Segment Start: Information shown
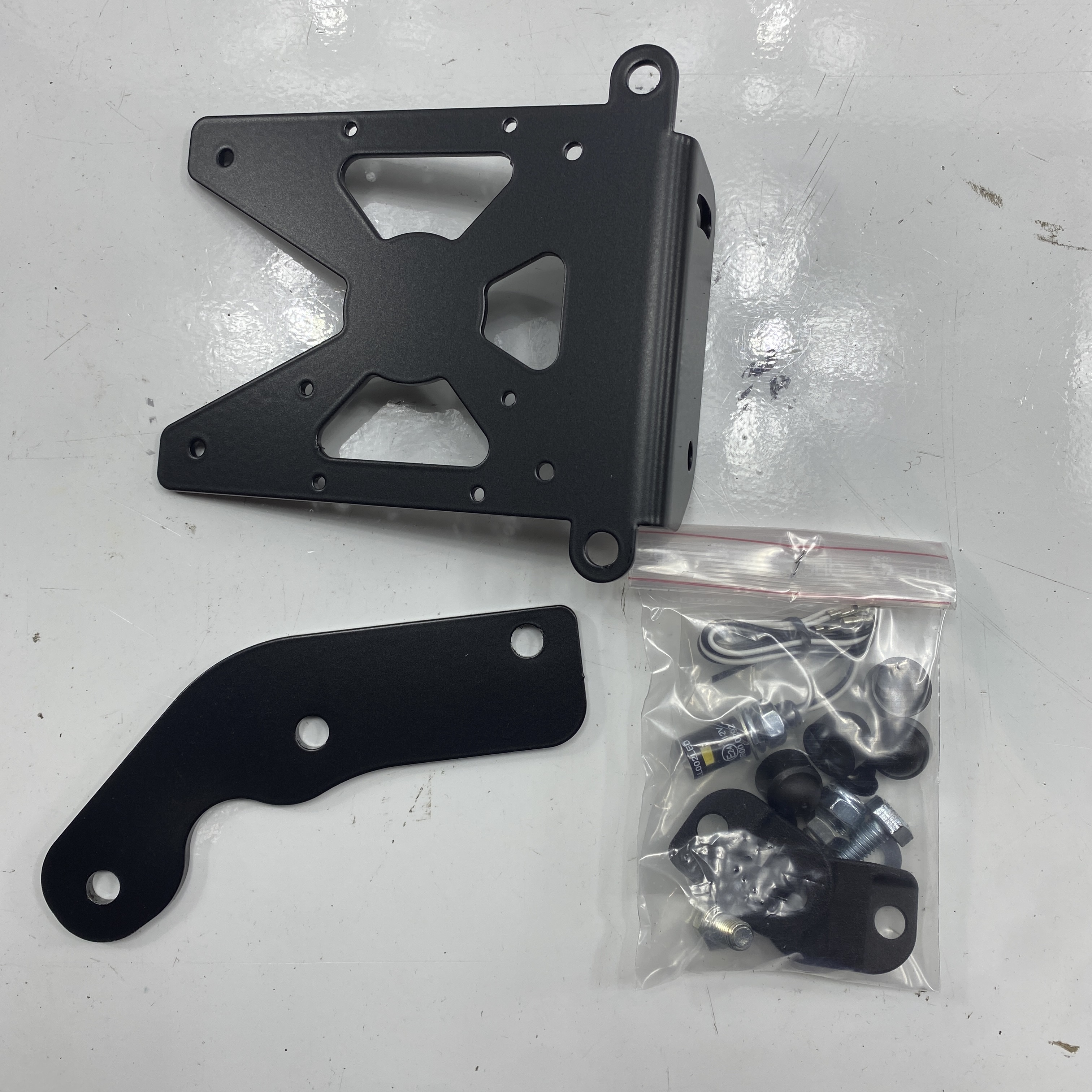 Support de plaque latéral OEM SPLHD008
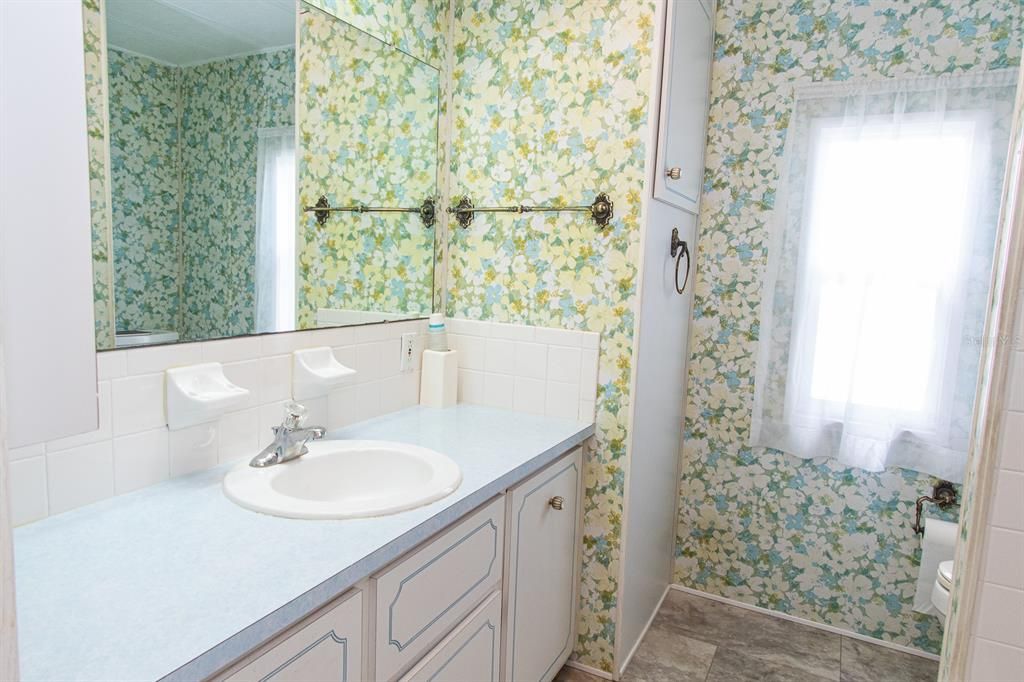 For Sale: $199,000 (2 beds, 2 baths, 1472 Square Feet)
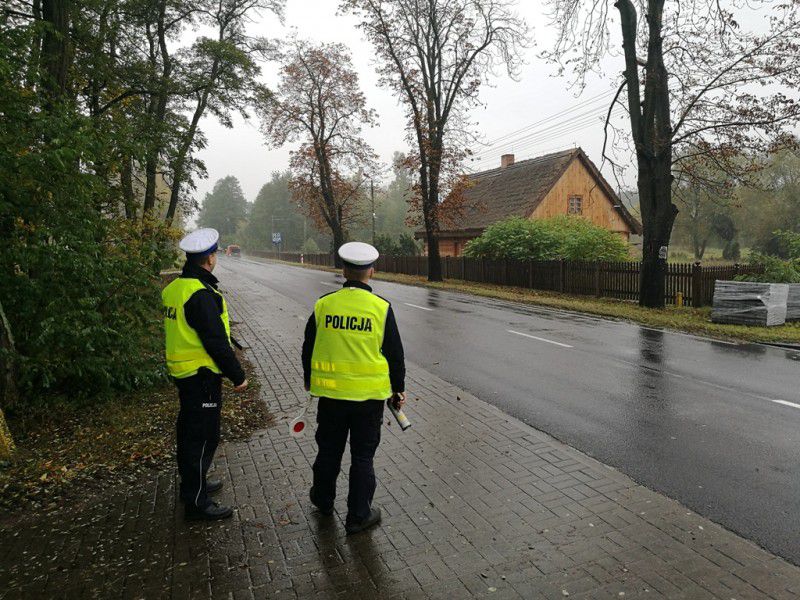 Szok. Kompletnie pijany jeździł po torach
Segment End: Information shown
### Action item
Give every line above again exactly, with no pictures.

### Final answer
 Support de plaque latéral OEM SPLHD008
 For Sale: $199,000 (2 beds, 2 baths, 1472 Square Feet)
 Szok. Kompletnie pijany jeździł po torach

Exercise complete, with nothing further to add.